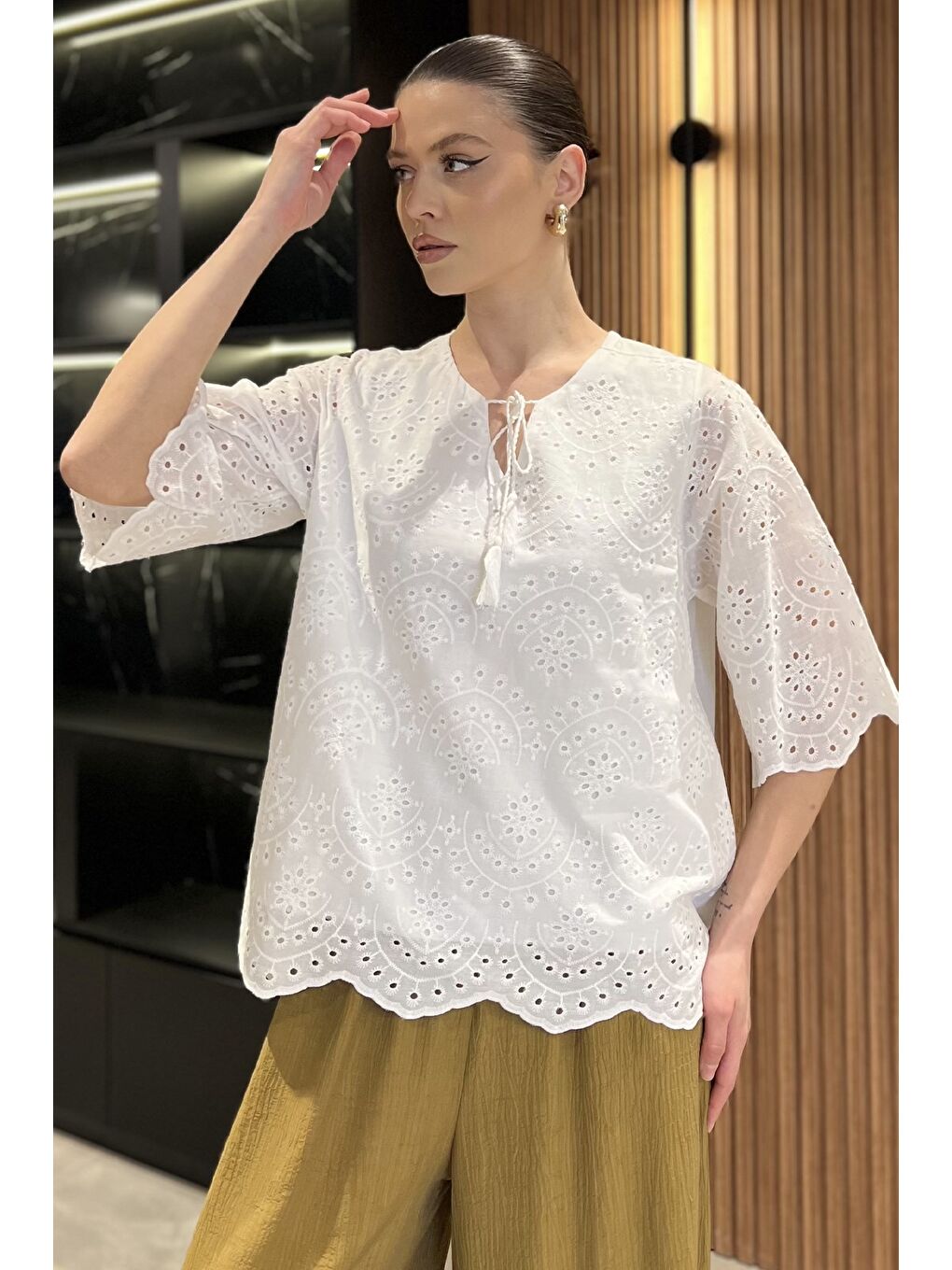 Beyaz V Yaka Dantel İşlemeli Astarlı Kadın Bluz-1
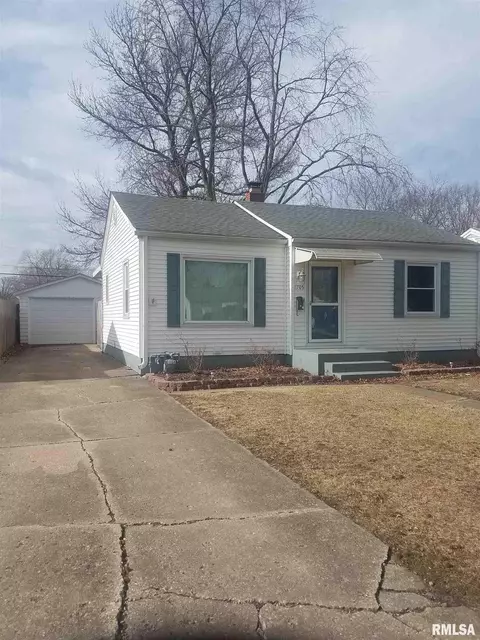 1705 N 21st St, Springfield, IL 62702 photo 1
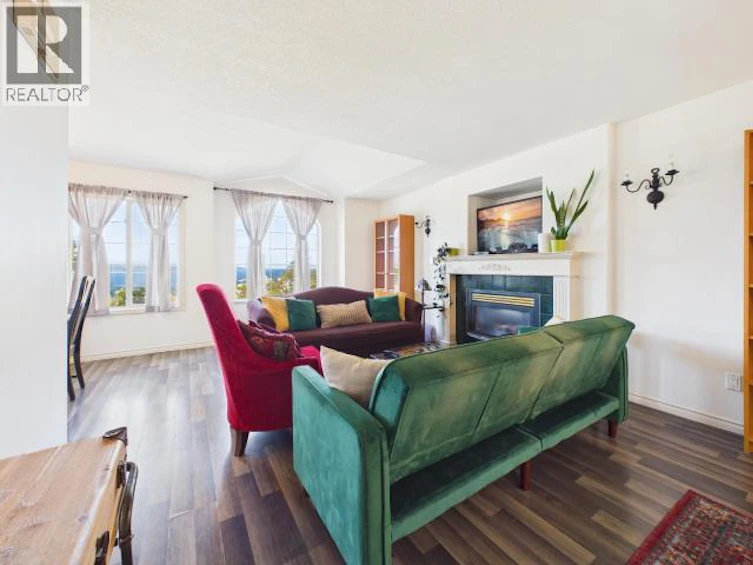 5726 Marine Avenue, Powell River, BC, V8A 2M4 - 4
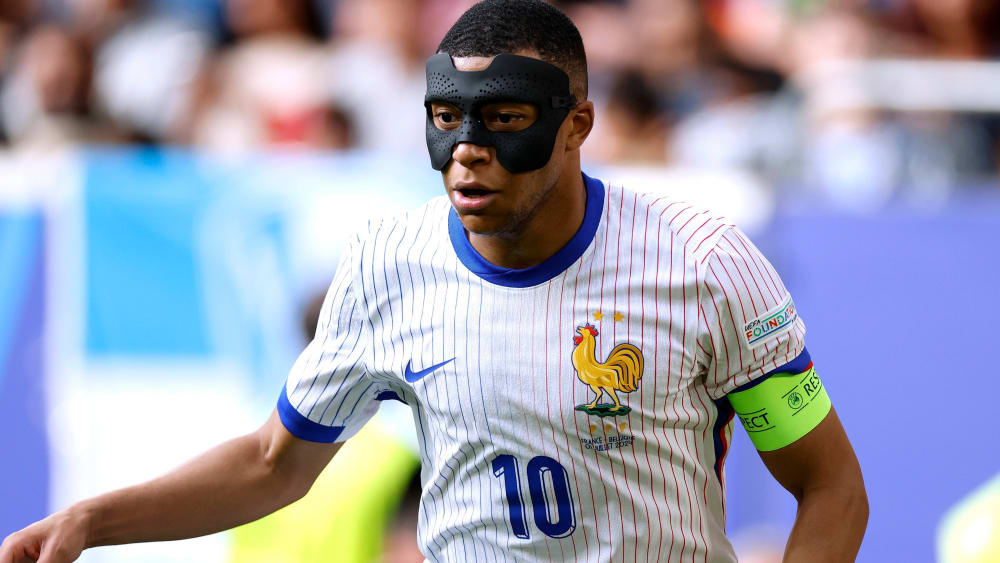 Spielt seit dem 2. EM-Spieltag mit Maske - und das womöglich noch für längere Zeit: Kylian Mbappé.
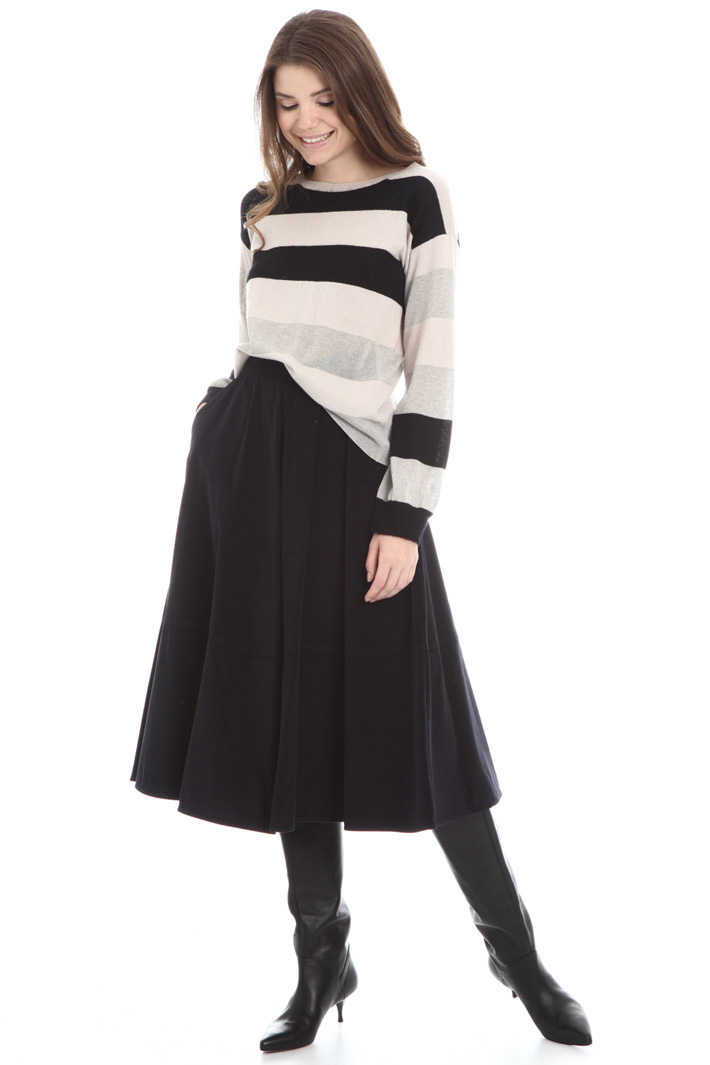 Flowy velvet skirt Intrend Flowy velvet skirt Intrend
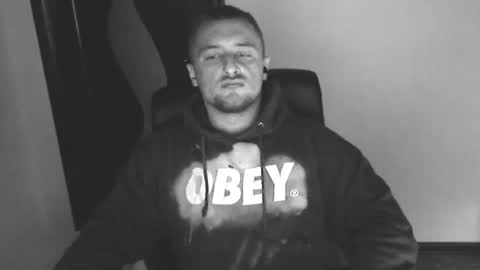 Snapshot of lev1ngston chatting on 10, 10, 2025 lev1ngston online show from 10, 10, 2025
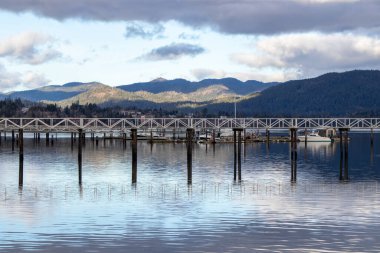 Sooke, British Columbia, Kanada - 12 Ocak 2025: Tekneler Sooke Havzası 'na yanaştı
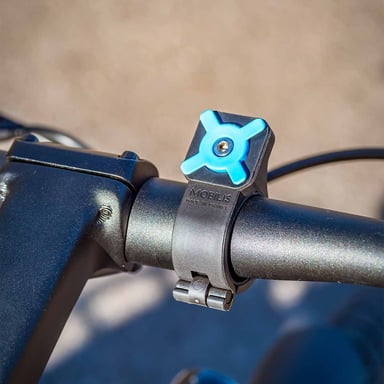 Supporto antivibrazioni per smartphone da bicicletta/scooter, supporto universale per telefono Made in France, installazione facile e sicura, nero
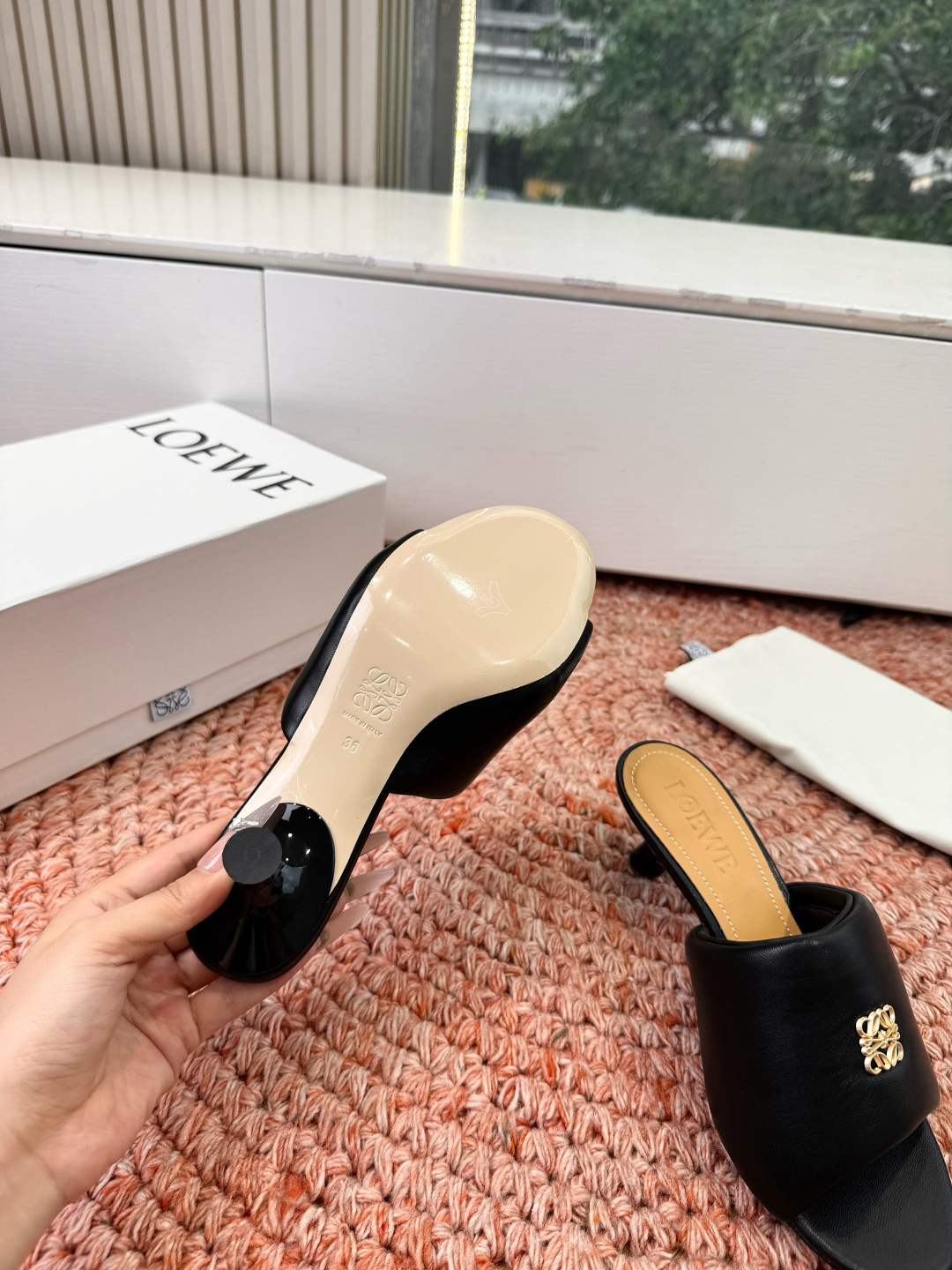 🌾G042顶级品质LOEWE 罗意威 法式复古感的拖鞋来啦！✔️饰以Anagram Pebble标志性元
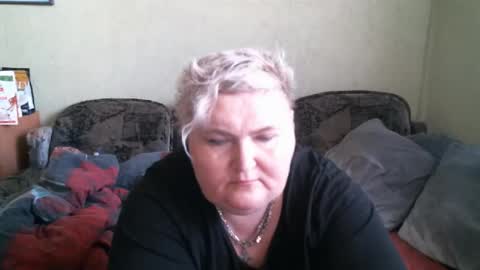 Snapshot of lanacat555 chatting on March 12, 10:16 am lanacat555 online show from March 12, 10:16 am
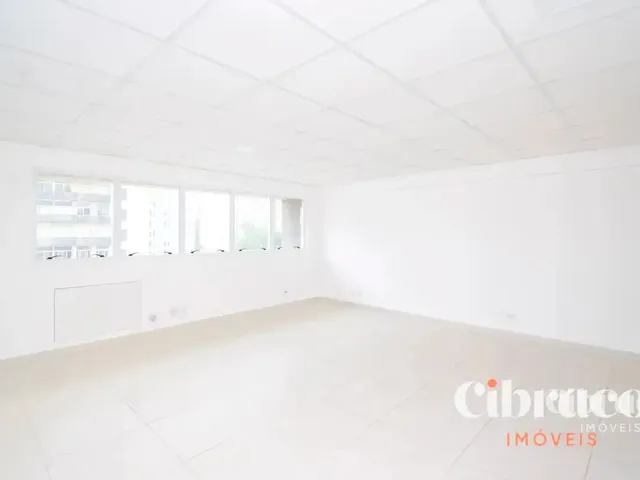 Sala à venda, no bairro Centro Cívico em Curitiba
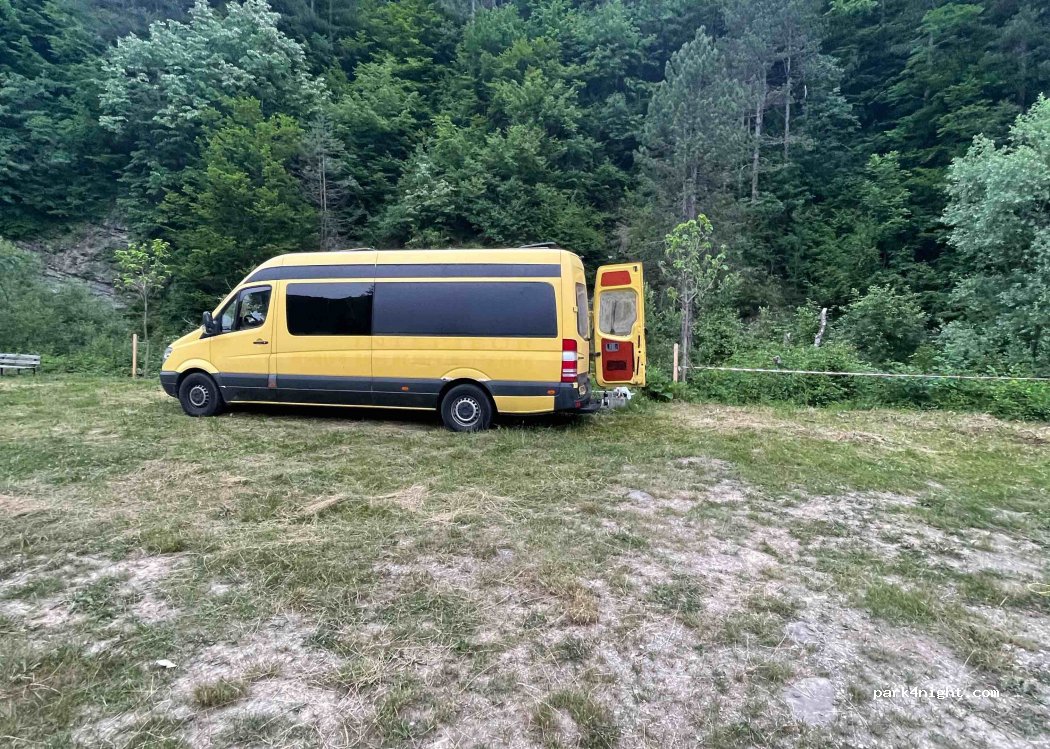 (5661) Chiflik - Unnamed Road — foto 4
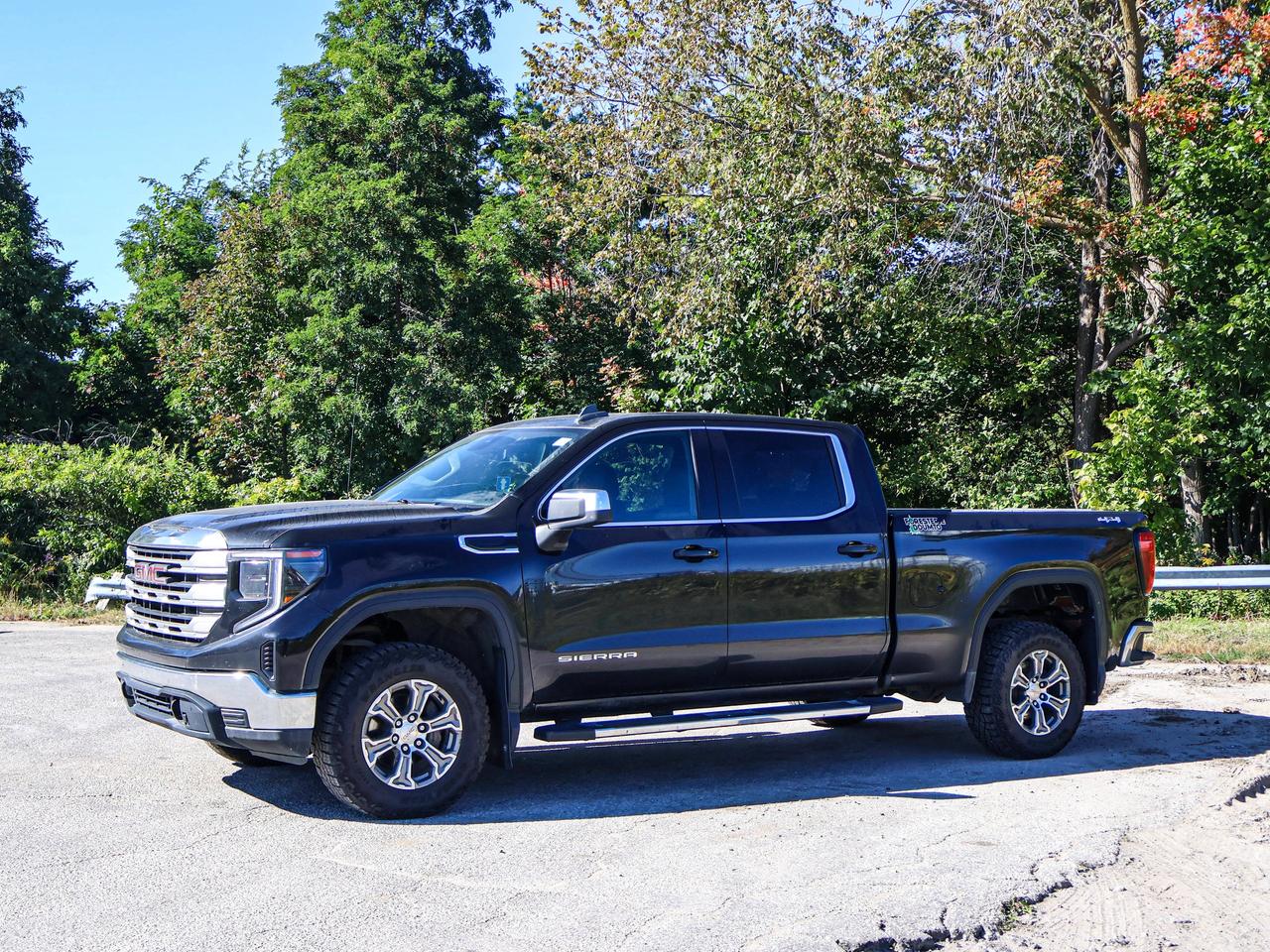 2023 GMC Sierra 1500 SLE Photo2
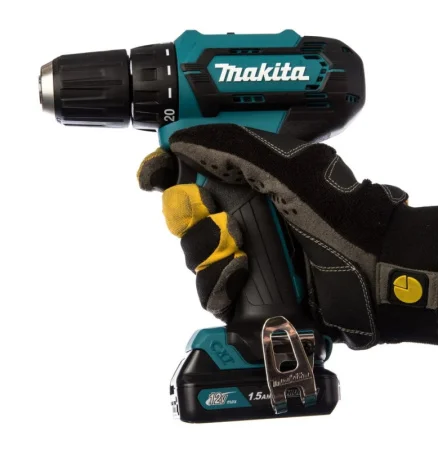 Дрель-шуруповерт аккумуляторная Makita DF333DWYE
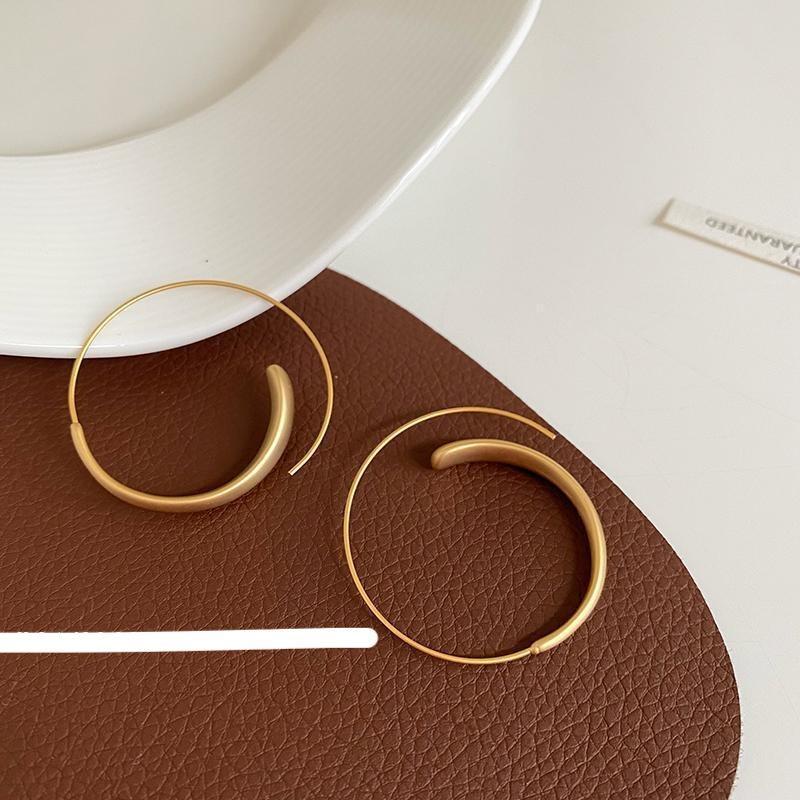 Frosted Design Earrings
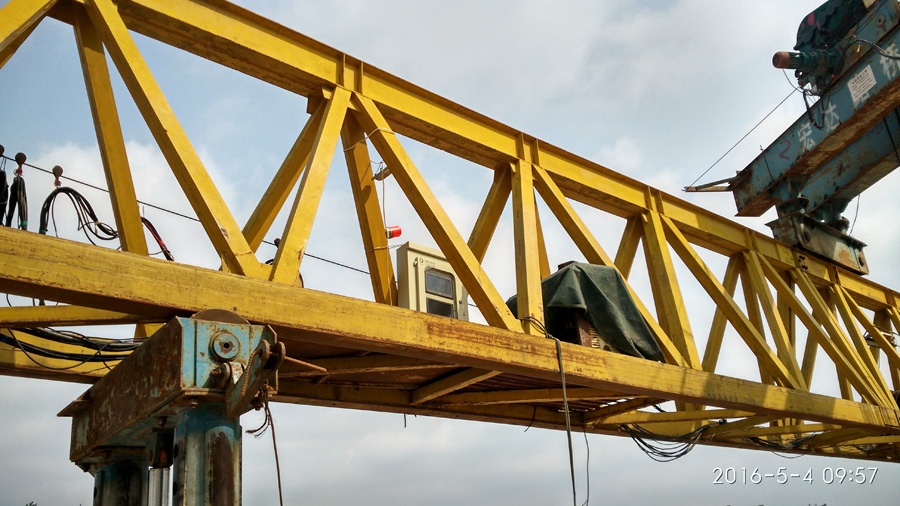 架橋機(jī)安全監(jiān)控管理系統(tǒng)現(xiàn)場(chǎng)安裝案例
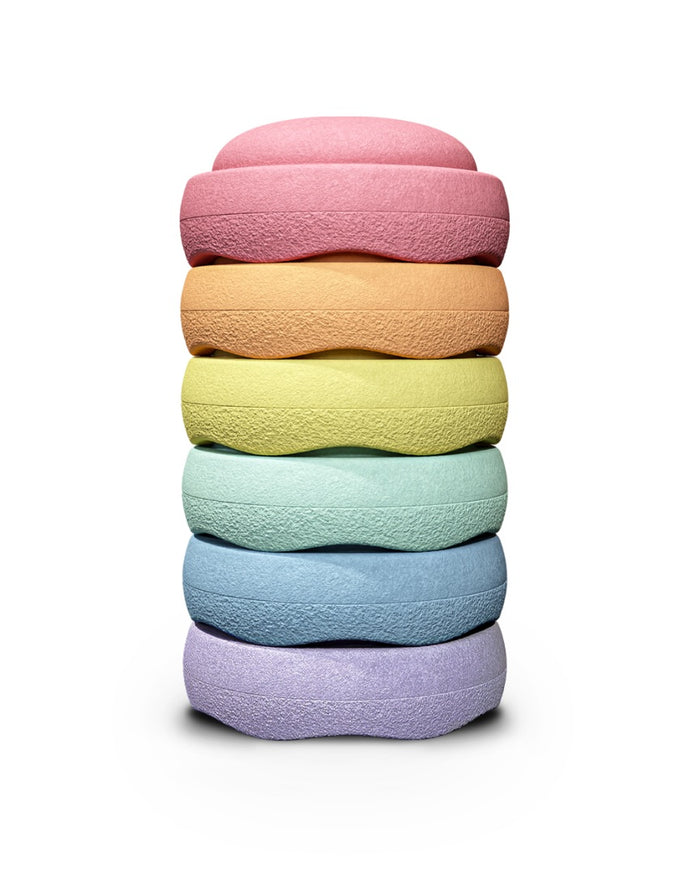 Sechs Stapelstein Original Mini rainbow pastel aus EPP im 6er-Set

* The problem
An unchanged copy of the data, images excluded, is all that should be given.

* Answer to this problem
 Beyaz V Yaka Dantel İşlemeli Astarlı Kadın Bluz-1
 1705 N 21st St, Springfield, IL 62702 photo 1
 5726 Marine Avenue, Powell River, BC, V8A 2M4 - 4
 Spielt seit dem 2. EM-Spieltag mit Maske - und das womöglich noch für längere Zeit: Kylian Mbappé.
 Flowy velvet skirt Intrend Flowy velvet skirt Intrend
 Snapshot of lev1ngston chatting on 10, 10, 2025 lev1ngston online show from 10, 10, 2025
 Sooke, British Columbia, Kanada - 12 Ocak 2025: Tekneler Sooke Havzası 'na yanaştı
 Supporto antivibrazioni per smartphone da bicicletta/scooter, supporto universale per telefono Made in France, installazione facile e sicura, nero
 🌾G042顶级品质LOEWE 罗意威 法式复古感的拖鞋来啦！✔️饰以Anagram Pebble标志性元
 Snapshot of lanacat555 chatting on March 12, 10:16 am lanacat555 online show from March 12, 10:16 am
 Sala à venda, no bairro Centro Cívico em Curitiba
 (5661) Chiflik - Unnamed Road — foto 4
 2023 GMC Sierra 1500 SLE Photo2
 Дрель-шуруповерт аккумуляторная Makita DF333DWYE
 Frosted Design Earrings
 架橋機(jī)安全監(jiān)控管理系統(tǒng)現(xiàn)場(chǎng)安裝案例
 Sechs Stapelstein Original Mini rainbow pastel aus EPP im 6er-Set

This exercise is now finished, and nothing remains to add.